**Problem details:** With the pictures excluded, reproduce all of the data exactly.
━━━━━ Supplied records ━━━━━
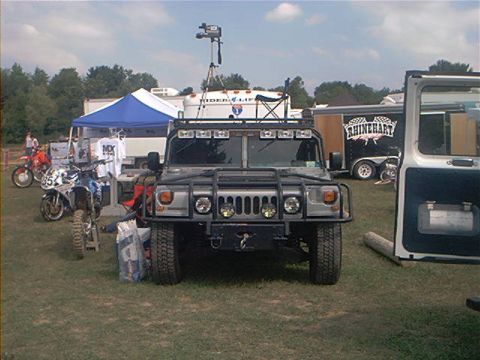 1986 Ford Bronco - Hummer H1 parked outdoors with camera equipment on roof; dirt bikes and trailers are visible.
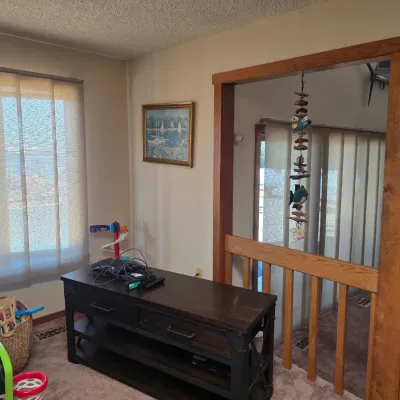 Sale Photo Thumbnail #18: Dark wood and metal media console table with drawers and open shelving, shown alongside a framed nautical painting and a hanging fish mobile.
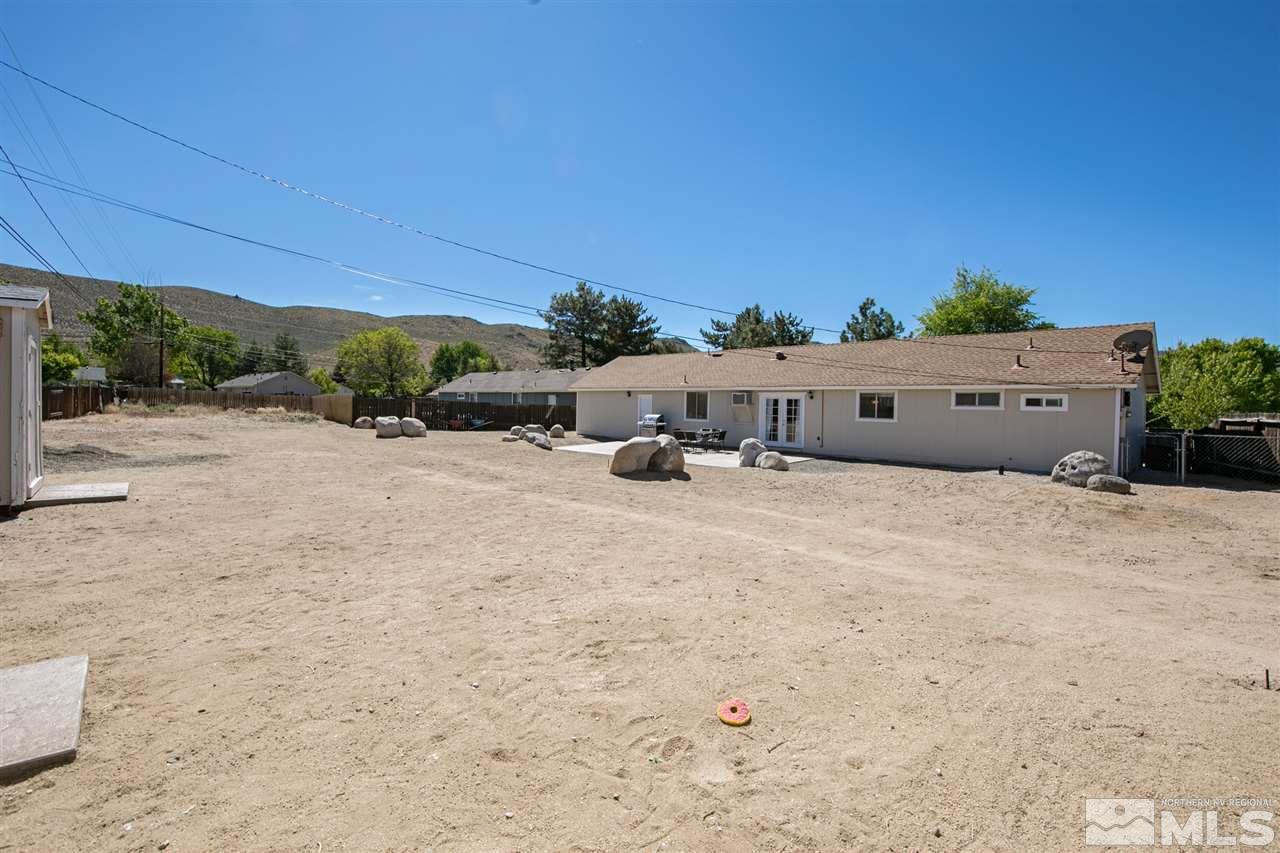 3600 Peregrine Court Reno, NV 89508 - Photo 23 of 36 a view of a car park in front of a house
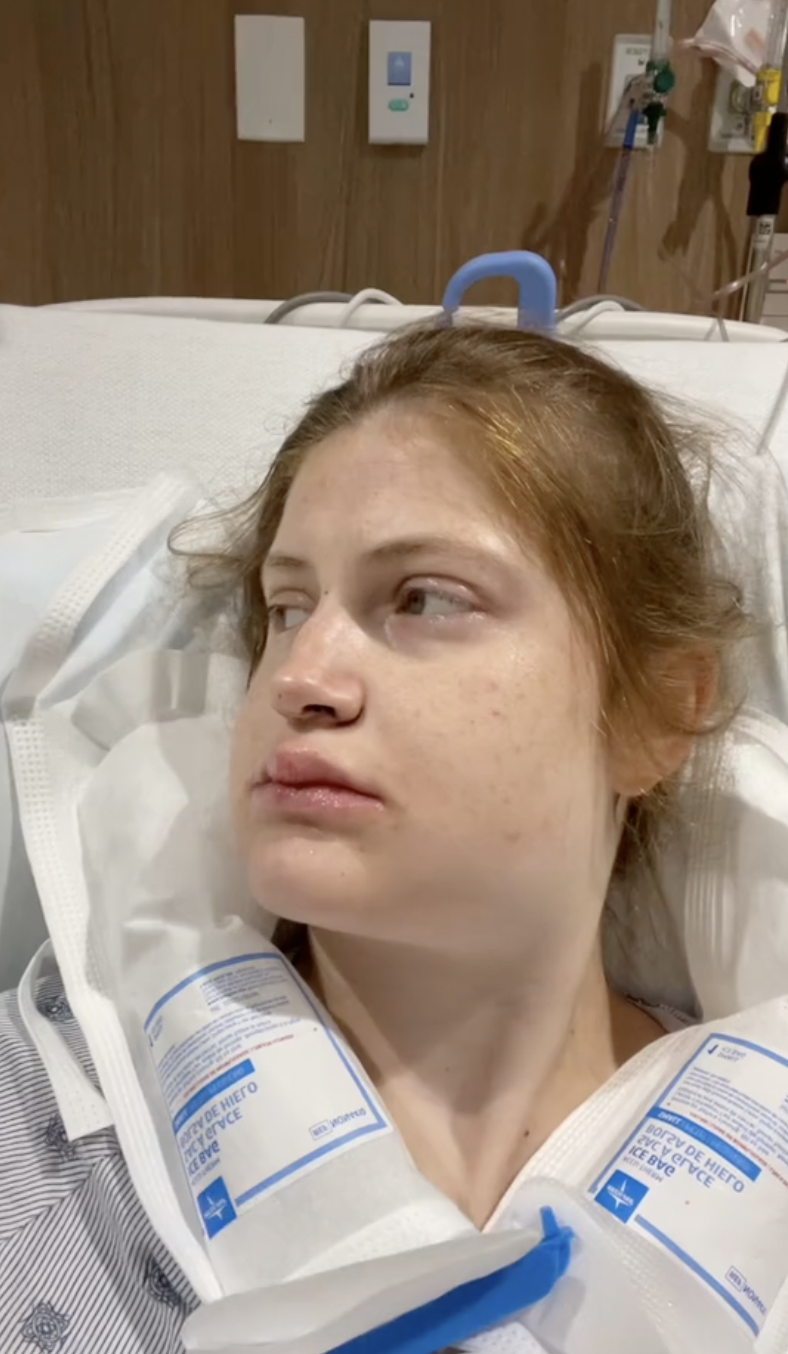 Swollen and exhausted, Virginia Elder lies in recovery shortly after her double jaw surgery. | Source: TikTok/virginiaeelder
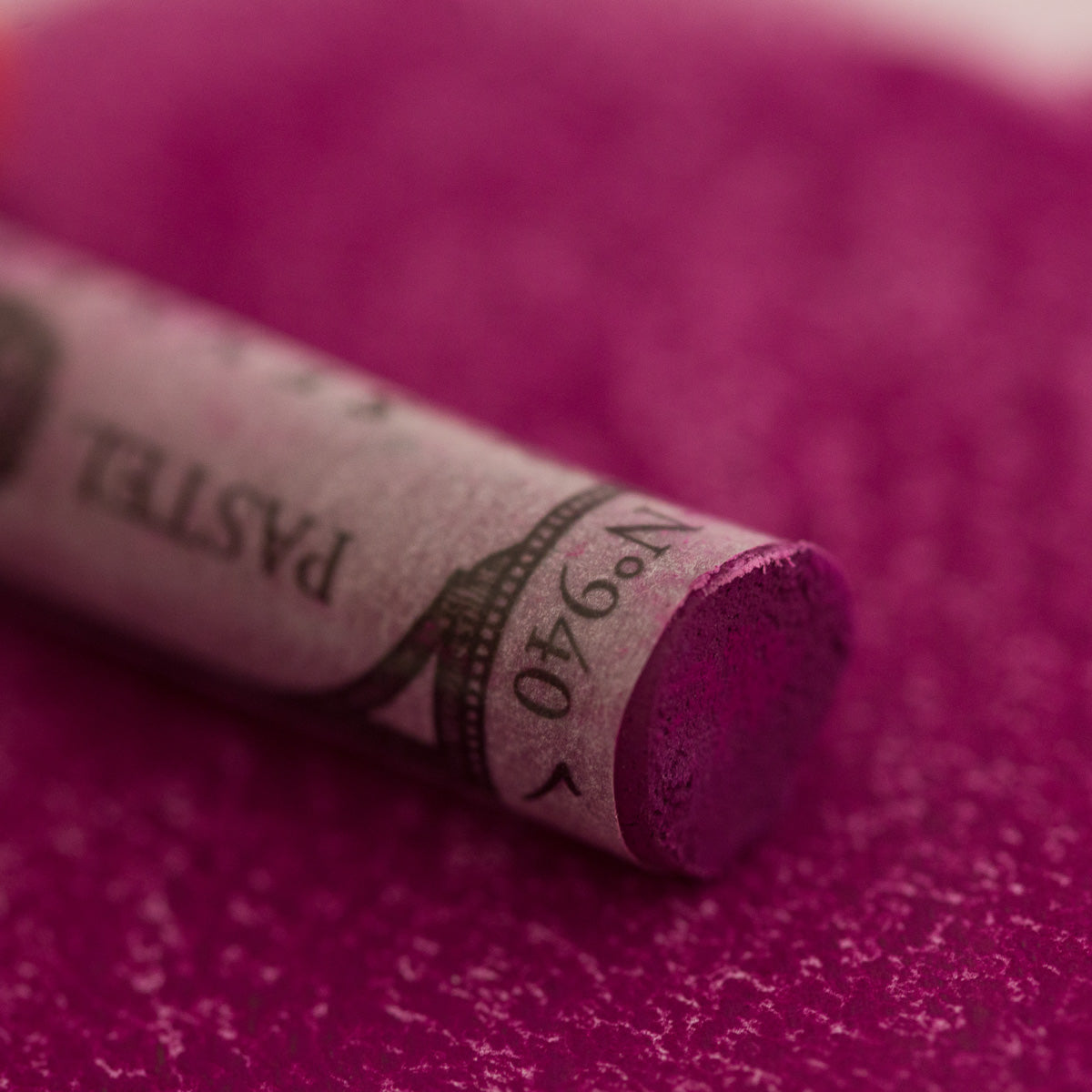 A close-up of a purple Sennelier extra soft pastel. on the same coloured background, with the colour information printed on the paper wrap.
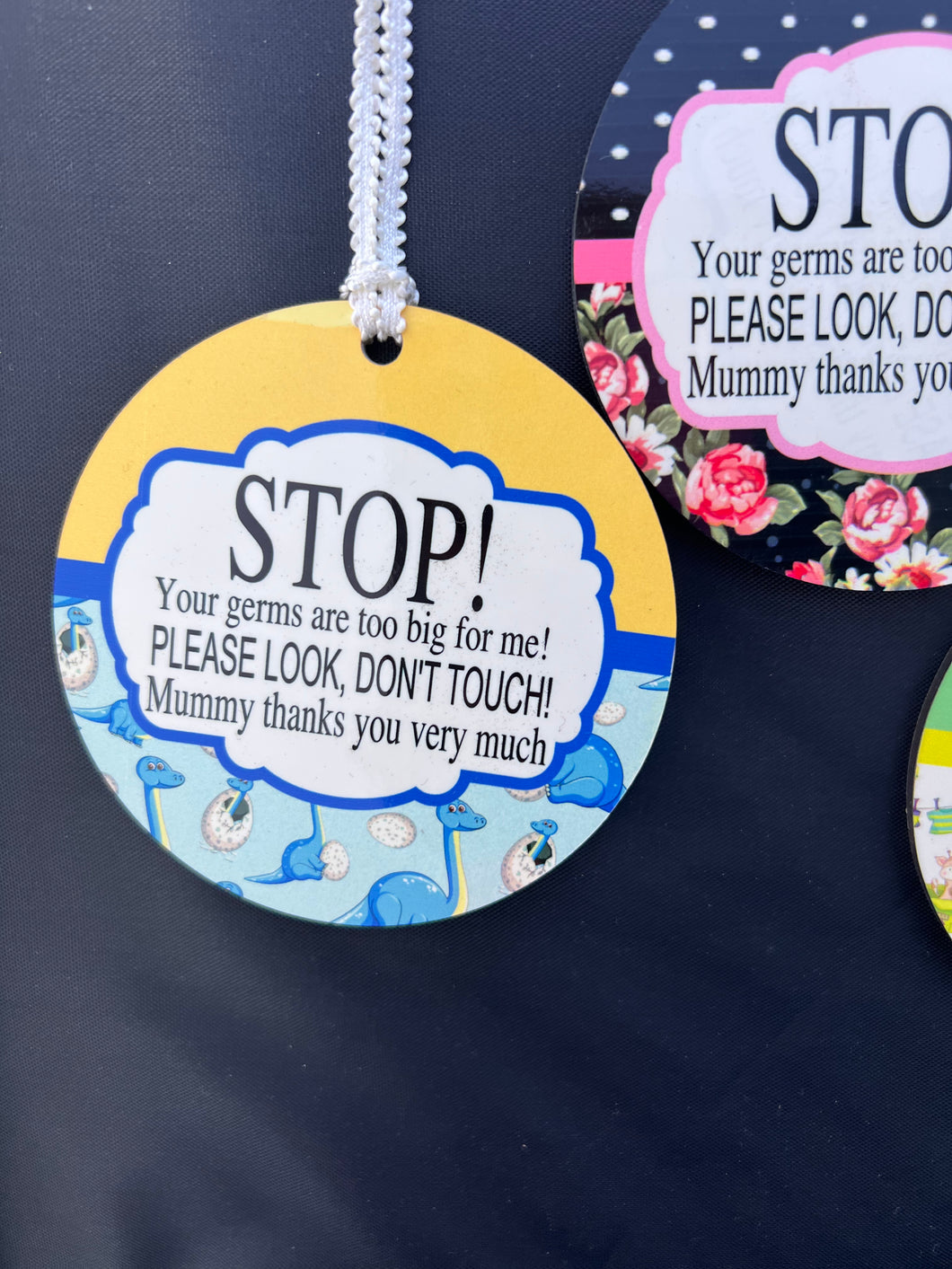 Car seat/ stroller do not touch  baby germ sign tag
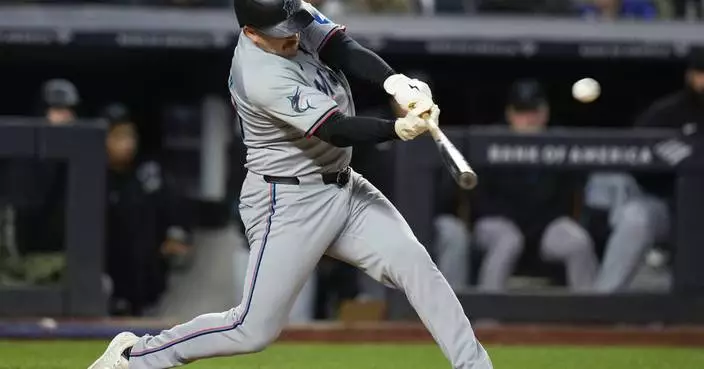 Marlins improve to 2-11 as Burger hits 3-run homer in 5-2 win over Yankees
━━━━━
**Response area:**
 1986 Ford Bronco - Hummer H1 parked outdoors with camera equipment on roof; dirt bikes and trailers are visible.
 Sale Photo Thumbnail #18: Dark wood and metal media console table with drawers and open shelving, shown alongside a framed nautical painting and a hanging fish mobile.
 3600 Peregrine Court Reno, NV 89508 - Photo 23 of 36 a view of a car park in front of a house
 Swollen and exhausted, Virginia Elder lies in recovery shortly after her double jaw surgery. | Source: TikTok/virginiaeelder
 A close-up of a purple Sennelier extra soft pastel. on the same coloured background, with the colour information printed on the paper wrap.
 Car seat/ stroller do not touch  baby germ sign tag
 Marlins improve to 2-11 as Burger hits 3-run homer in 5-2 win over Yankees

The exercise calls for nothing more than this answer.